Here are related issues to consider.

  1. Cash flow. The "pay as you go" method is what got many firms into trouble in the first place—but it may be the only way to fund payment obligations when it comes to participants who are close to, or already in, payout mode.
  2. Deferred annuities. They are not the best choice for a couple of reasons. First, if the annuity is owned by the law firm (see "rabbi trust" below) it will lose its tax-deferred status, usually a pretty big reason for buying a deferred annuity in the first place. Second, if payments are due now or in the immediate future, getting money out of a deferred annuity on a short-term basis may be difficult and also result in surrender charges.

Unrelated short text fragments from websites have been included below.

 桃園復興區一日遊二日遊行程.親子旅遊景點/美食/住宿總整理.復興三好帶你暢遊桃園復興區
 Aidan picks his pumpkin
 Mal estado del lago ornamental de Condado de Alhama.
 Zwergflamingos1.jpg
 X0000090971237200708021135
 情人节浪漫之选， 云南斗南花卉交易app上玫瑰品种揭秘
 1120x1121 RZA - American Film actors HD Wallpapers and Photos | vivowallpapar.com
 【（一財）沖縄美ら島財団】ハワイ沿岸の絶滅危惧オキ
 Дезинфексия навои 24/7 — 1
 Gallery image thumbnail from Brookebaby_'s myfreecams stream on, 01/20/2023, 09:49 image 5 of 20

  3. Immediate annuities. A single premium immediate annuity, often referred to as an SPIA, is an excellent choice if the firm has the ability to fully fund its deferred compensation obligations upon the triggering event (such as retirement). By buying an SPIA, the firm shifts investment risk (and mortality risk as well, if the obligation is for life) to a third-party.

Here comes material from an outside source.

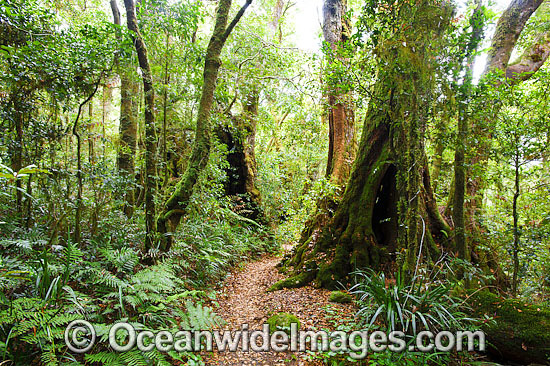 Antarctic Beech Trees Nothofagus moorei photo Antarctic Beech Trees Nothofagus moorei photo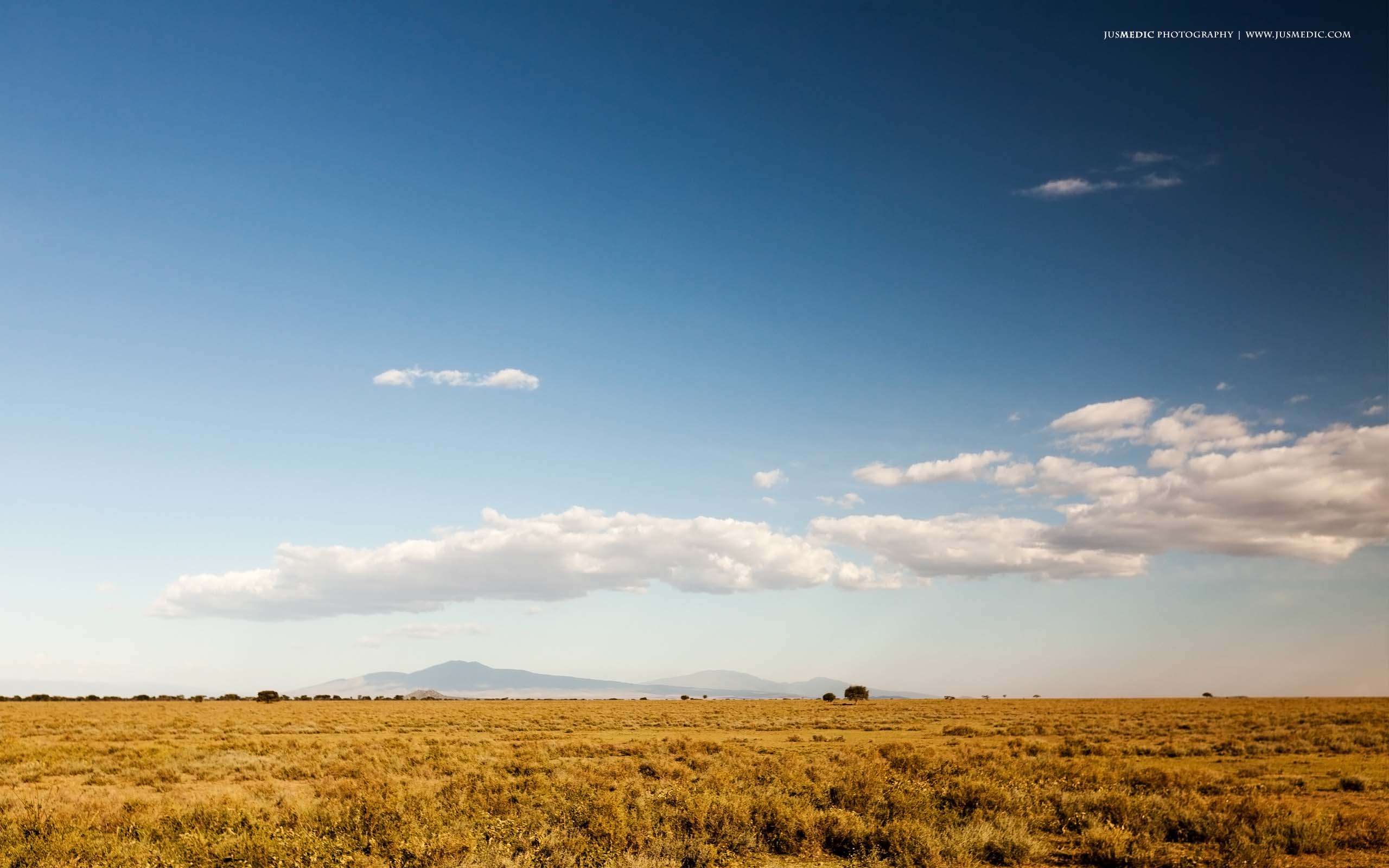 Serengeti National Park Tanzania Wallpaper Best Collection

  4. Cash value life insurance. This option works best for a younger partner in a deferred compensation plan, usually 10 years or more away from retirement, because it gives greater opportunity for the cash value in a policy to accumulate. In a typical situation, the firm would be the owner and beneficiary of the policy. The participating partner would be the insured. The plan would offer a survivor benefit (taxable to the plan beneficiary) if the partner died while employed (paid for with the life insurance death benefits), and a post-retirement deferred compensation benefit (which the firm could access policy cash values to help pay for). Life insurance cash values can grow tax-deferred, unlike deferred annuities that lose their tax-deferred status when owned by a non-natural entity such as a law firm.

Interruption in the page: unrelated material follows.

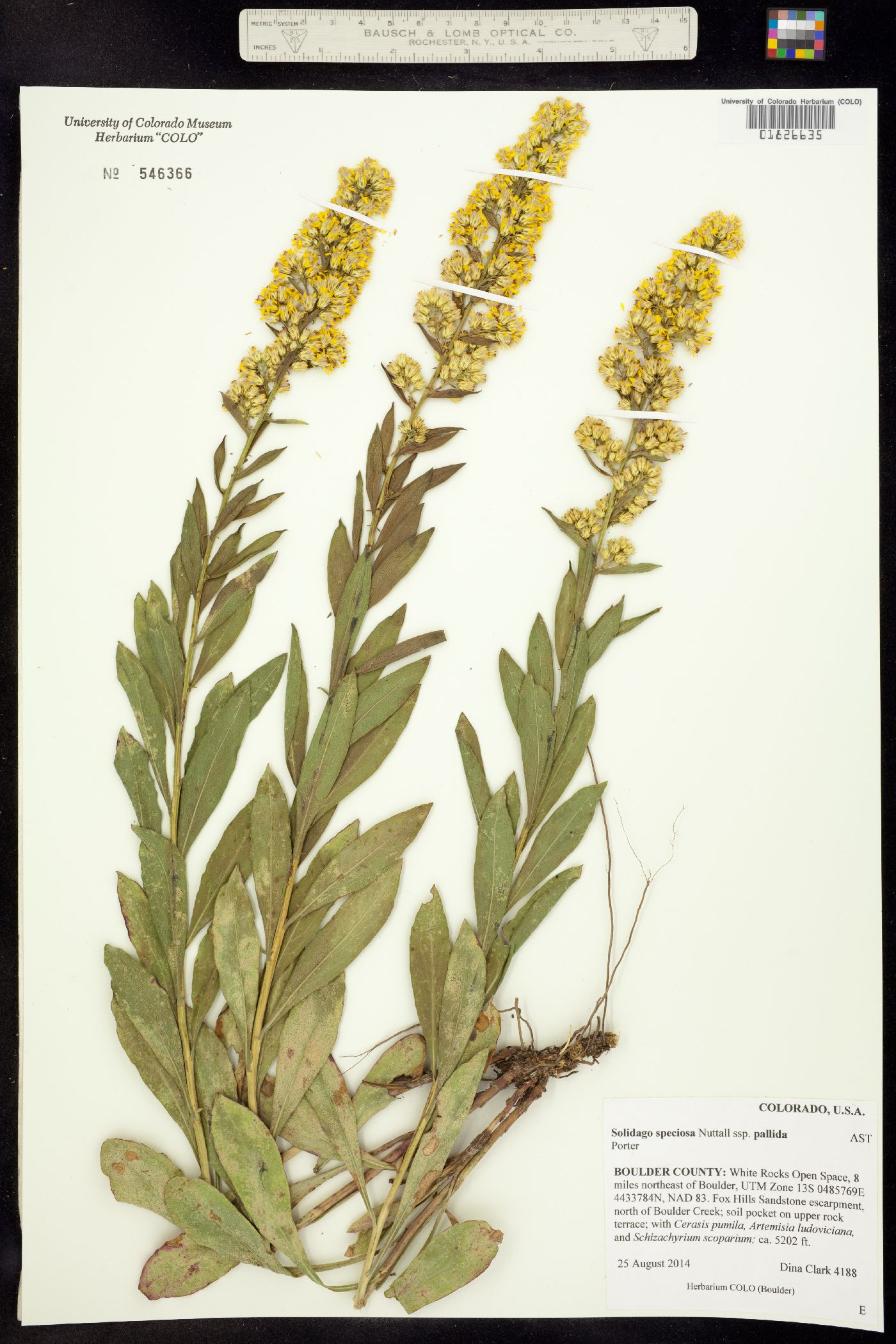 Solidago speciosa ssp. pallida image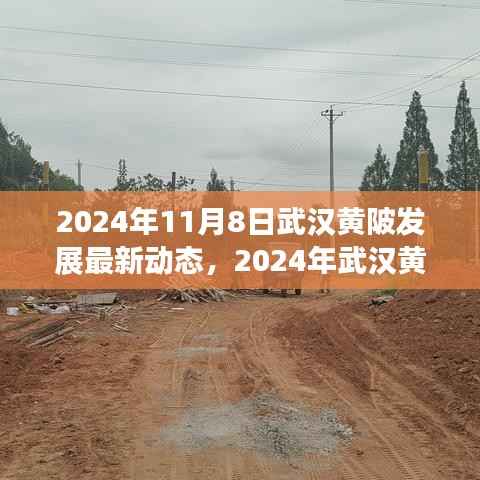 2024年武汉黄陂发展最新动态探索,融入区域发展大潮的步伐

  5. Rabbi trusts. A rabbi trust is not an investment. It is a trust to which the firm contributes money for future payments to a participant. Once the money is in the trust, the firm cannot access it for any other purpose. The money, though, is still subject to attachment by the firm's creditors, creating a "risk of forfeiture" that allows the plan to qualify as being "unfunded." There are no investment benefits to holding assets in a rabbi trust, since it is treated as a grantor trust and all tax attributes of the trust flow back through to the law firm.

What's the Solution for Your Firm?

Ultimately, the answer for law firms saddled with financial promises that may be difficult to keep will depend on the firm's specific situation and resources, as well as the age and circumstances of the affected partners.

Obviously, legal constraints and complexities must be carefully analyzed, with the assistance of competent legal counsel. Depending on the particularities of any given situation, targeted use of immediate annuities or cash value life insurance are likely among the best ways to address revenue, retention and recruiting problems arising from those old promises.